And this year, unlike so many other advertising categories, politics have delivered: Revenue heads at two different publishers contacted for this story said they were ahead of their original revenue projections for political spending.
And publishers have benefited, to some extent, from Google announcing last year that it would not allow political advertisers to use custom audiences on campaigns run on its platform, driving more revenue into programmatic video markets, said eMarketer analyst Nicole Perrin.
“Our editorial leadership isn’t happy about it, but we’ll take political advertising of all sorts,” one chief revenue officer said. “It’s going to polarize most of our audience, [so] we try to minimize it as much as possible.”
For this election cycle in particular, that has meant requiring exchanges grant them creative review of all political ads that they might run. Back in August, WarnerMedia’s advertising platform Xandr announced that it had launched compliance features for political advertisers which would include a human review of every political ad it distributed.
But these countermeasures don’t work every time. In order to figure out which ads to evaluate, publishers rely on metadata from the ad delivered by demand sources, and the ads are sometimes incorrectly labeled.

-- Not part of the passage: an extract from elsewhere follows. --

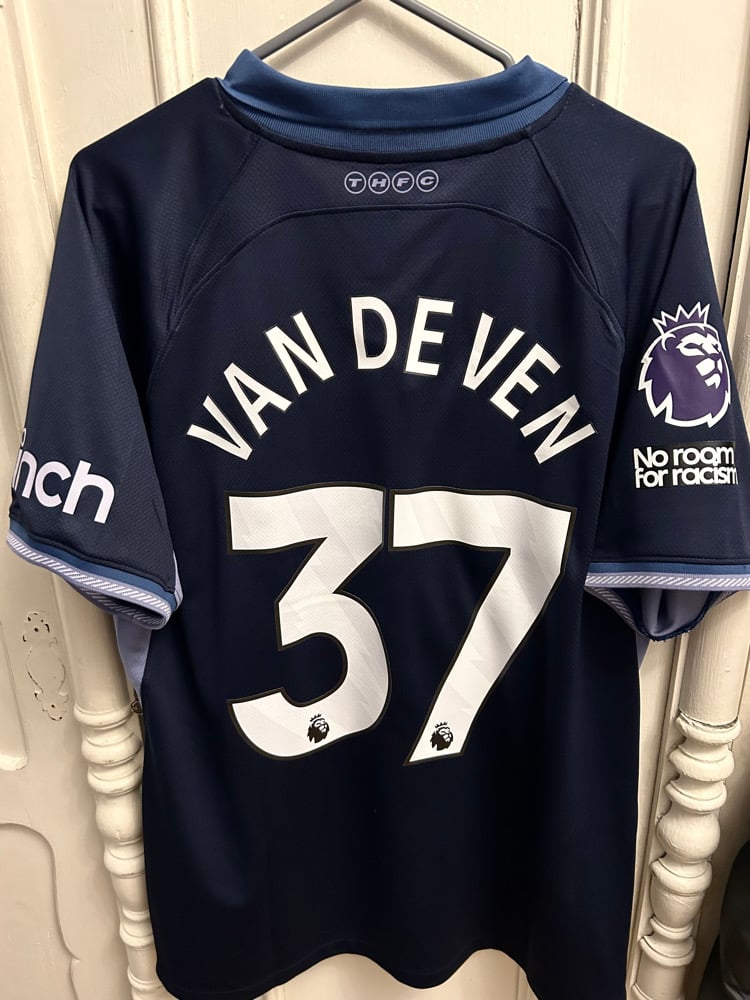 Image of Tottenham Hotspur “VAN DE VEN 37” 2023/24 Away Shirt + PL patches (L)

Justin Wohl, the chief revenue officer of Salon, said he’s seen Trump campaign ads classified as Business & Industrial, Computers & Consumer Electronics, Finance, Law & Government and News, Books & Publications.

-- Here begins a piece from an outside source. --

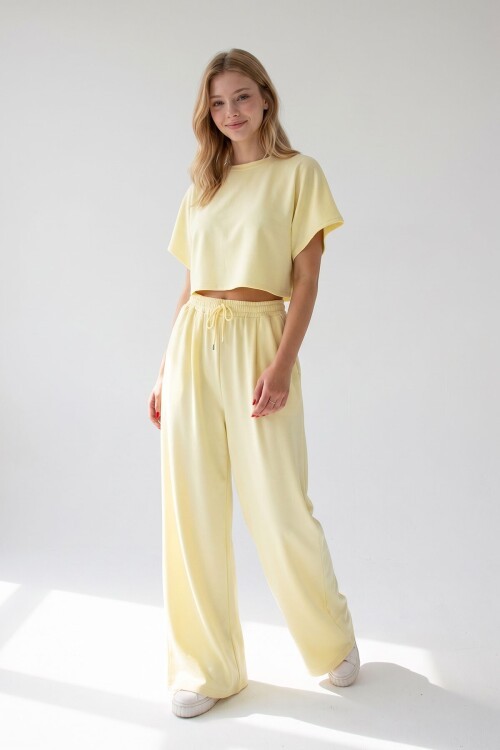 Sarı Bol Paça Rahat Kesim Modal Kumaş Alt Üst Takım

Efforts to block the ads at the domain level don’t always work either: A full third of the ads served to Salon through AdX since July have come from unknown advertiser domains, Wohl said.

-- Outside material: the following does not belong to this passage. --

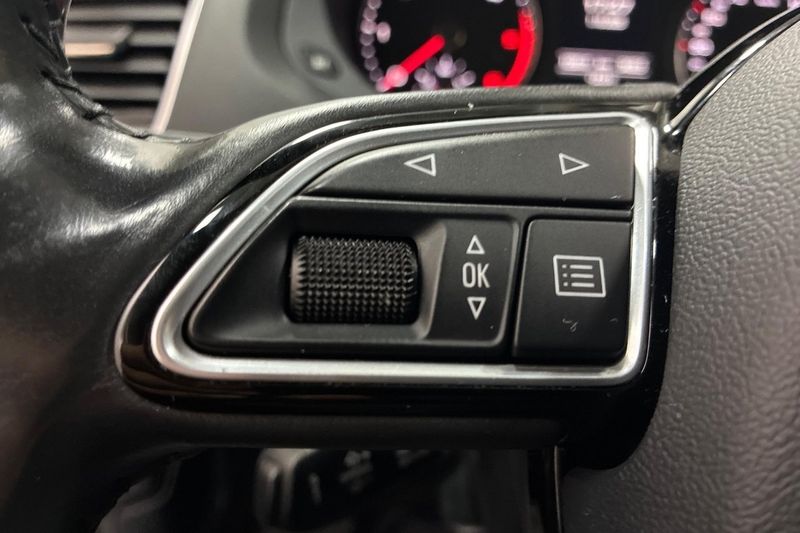 Audi Q3 bild 18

“With as many demand partners as there are in a typical programmatic stack, blocking every possible attempt through every possible channel is exceedingly difficult,” said Salon’s Wohl. “Especially when there’s deception and mislabeling going into the buys in the first place.”
Sources including Wohl acknowledged that both left and right could be hiding their domains or miscategorizing their ads, but: “The right-leaning ads are the ones that lead to angry emails from readers,” Wohl added, “so they’re much more so on our radar.”